Que somos felices, santos, cuando “sabemos llorar con los demás”, compartir el sufrimiento ajeno y afrontar las situaciones dolorosas, solidarizándonos con el sufrimiento del mundo para transformarlo.
Y seguimos escuchando que somos felices, bienaventurados, cuando sentimos “hambre y sed de justicia”, de que la vida digna sea posible para todos y sentirlo como se siente el hambre, desde las entrañas.
Cuando somos “misericordiosos” dejando que fluya de nuestro corazón el amor recibido de Dios, y acogiendo a los demás incondicionalmente, como nos sentimos acogidos nosotros.
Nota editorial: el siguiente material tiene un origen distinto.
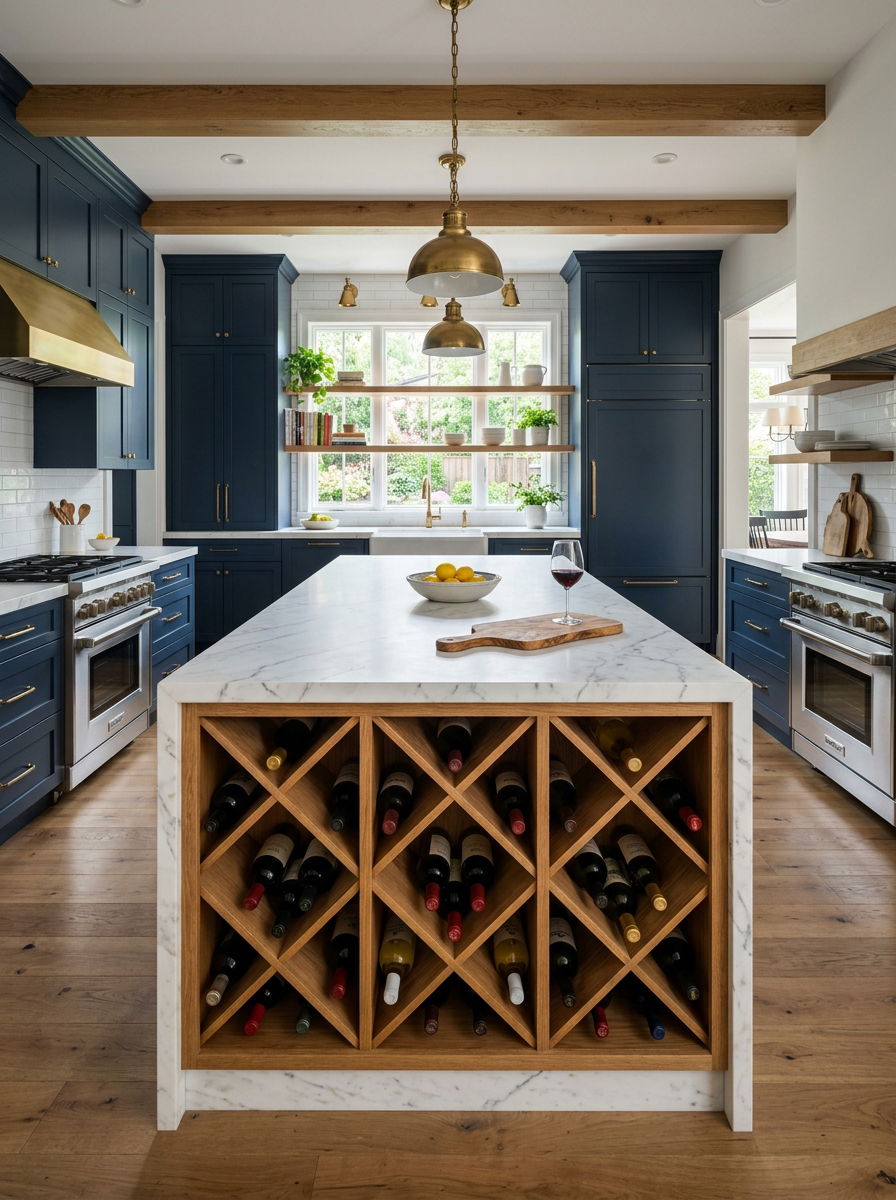 Kitchen Island Wine Rack - 30 small wine cellar ideas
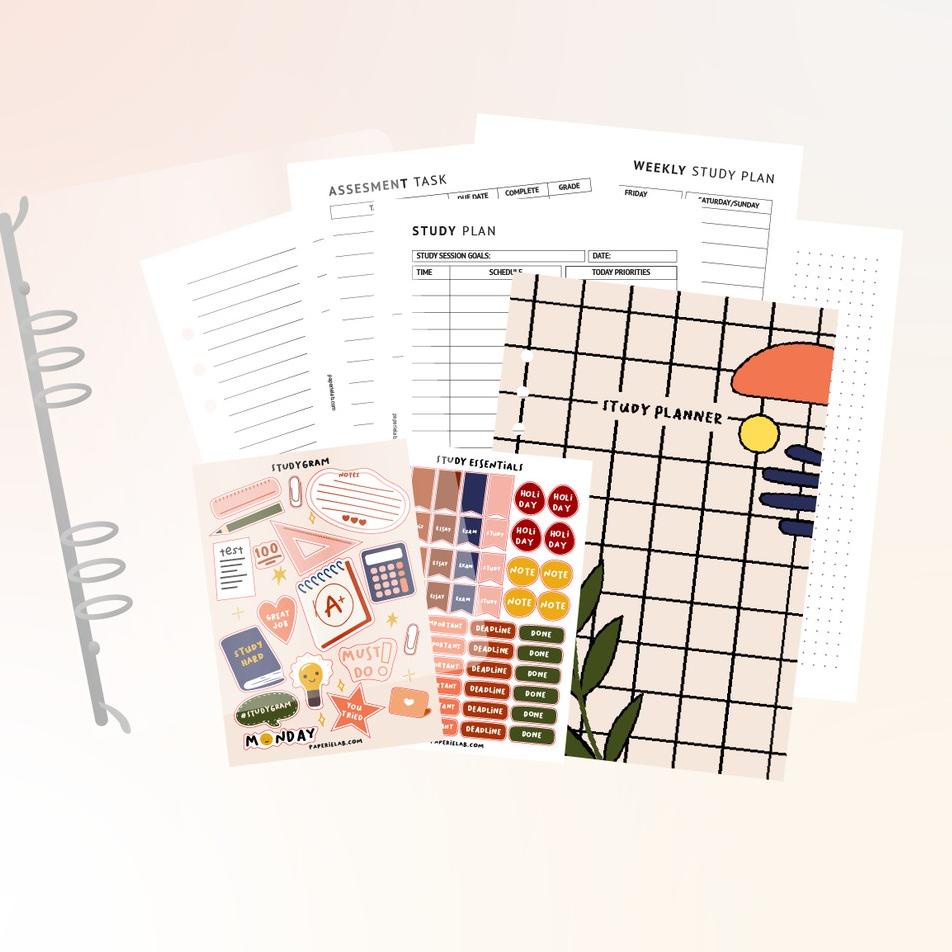 

TRXa1A9m-- Paperie Lab - A5 Study Planner Bundle Set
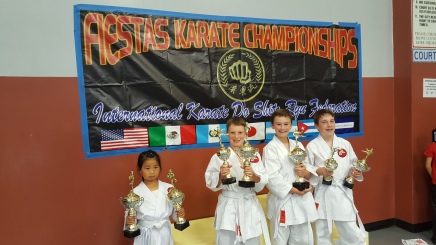 Karate Students Win Trophies at International Karate Championships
Que somos santos o felices, cuando tenemos “un corazón limpio para poder ver a Dios” un corazón sencillo, sin doblez, auténtico, transparente.
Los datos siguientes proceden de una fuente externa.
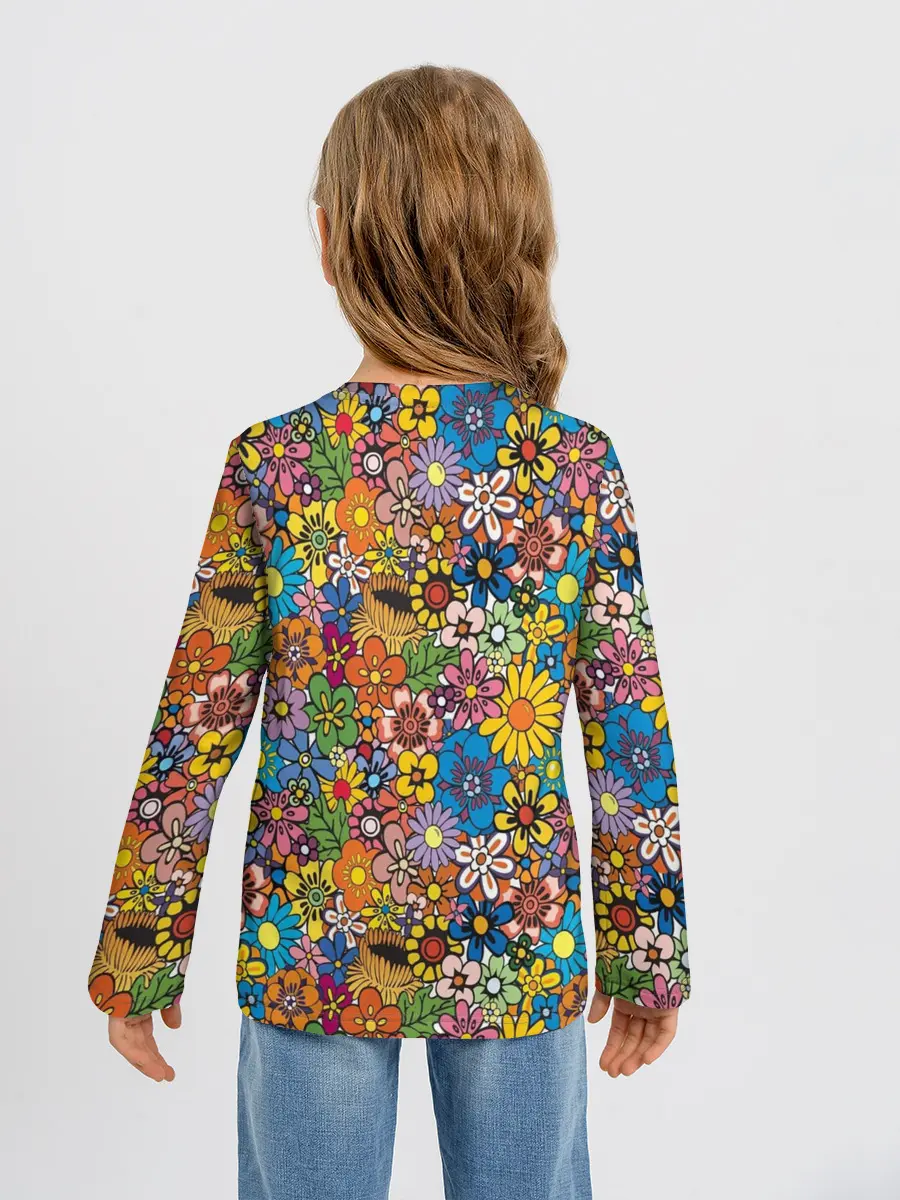 Детский лонгслив / Букет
Y nos admiramos en estos tiempos de escuchar que somos felices, santos, cuando “trabajamos por la paz” sin excluir a nadie. Construyendo la paz en la búsqueda de consenso, de armonía, de perdón, de posibilidad de vida para todos.
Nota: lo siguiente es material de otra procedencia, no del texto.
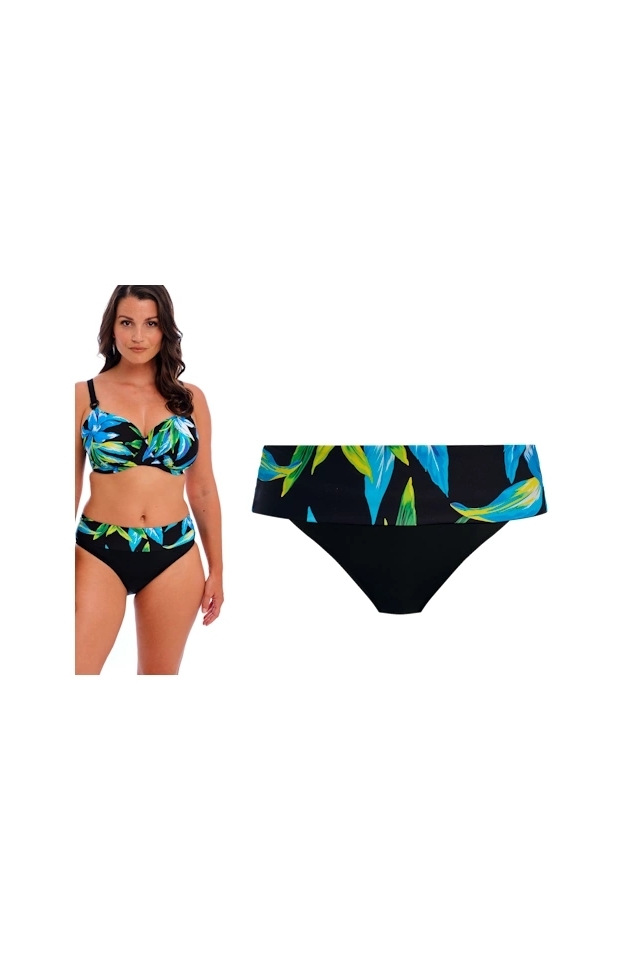 Fantasie Talm Beach black figi bikini wywijane do stroju kąpielowego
Más aun, al final se nos dice que somos santos, felices, cuando nos sentimos “perseguidos a causa de la justicia” porque el reino de Dios reclama una sociedad justa y en paz y esto no se puede hacer sin una gran dosis de entrega personal para contrarrestar todos los obstáculos a la justicia que nacen de los intereses personales y los egoísmos grupales que, una y otra vez, retrasan la plenitud del reino.
Y quizá queda resonando en nosotros el “somos”, como una invitación a descubrir en el presente, no como una promesa de futuro. ¿Cómo podemos vivir a diario las bienaventuranzas? Anclando experiencias, es decir, cada vez que tengamos experiencia de estar viviendo una de estas actitudes que nos dice el evangelio conviene que nos paremos y tomemos conciencia de ello, de que “somos felices” viviendo así. Que respiremos profundamente y dejemos que se nos grabe en lo más hondo. Ser conscientes de la cantidad de experiencias de bienaventuranza que vivimos es posible y nos ayuda a darnos cuenta de cómo caminamos hacia la meta y a qué paso.
A esta santidad estamos todos llamados. Esta santidad es don de Dios que se acoge y da fruto en nuestra vida. Nos permite sentirnos “hijos e hijas de Dios, ser consolados, alcanzar misericordia… sentir que se nos ha dado y ya es nuestro el reino de Dios y, por ello, desbordar de felicidad. ¿Estamos dispuestos a arriesgar lo necesario para experimentarlo?